Summaries and Conclusions

I bring up Western Xia because in a sense, it is a decent candidate for being a 'Tibetan dynasty' as phrased in the question, but there is a reason I say a decent candidate and not a definite contender. The Tanguts had a relatively long history of entanglement with Tibet, but from a linguistic standpoint they were relatively distant, with Tangut being part of the Eastern rather than the Western Tibeto-Burman family and thus arguably closer to modern Burmese than modern standard Tibetan. More importantly, 'Tibetan' as an identity was not universally accepted by those living in what we would now call Tibet, as the territorial extent of Tibet waxed and waned considerably over the course of its history, with perhaps the most substantial waxing taking place during Qing rule/patronage/whatever you want to call it. In effect, we run into the problem from the first section again: ethnic identities cannot simply be retrojected back through time as though they have existed forever, let alone been unchanged forever.

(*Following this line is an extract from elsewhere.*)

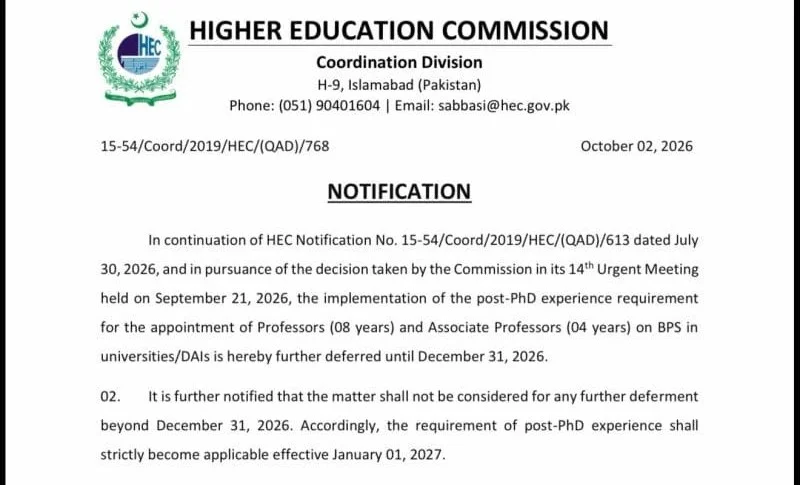 Higher Education Commission building in Islamabad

So, have there ever been Hui or Tibetan dynasties of China? No, firstly because 'Hui' and 'Tibetan' as identities are more recent than they may first appear, and secondly because Tibetans in particular were not a substantial part of 'China' in any meaningful sense until arguably the Yuan and more concretely the Qing (and even if you count the Yuan they were not part of the Ming). Moreover, the 'dynastic' classification breaks down once you get in the weeds a bit, and is just an unhelpful method of categorisation except in the broadest strokes.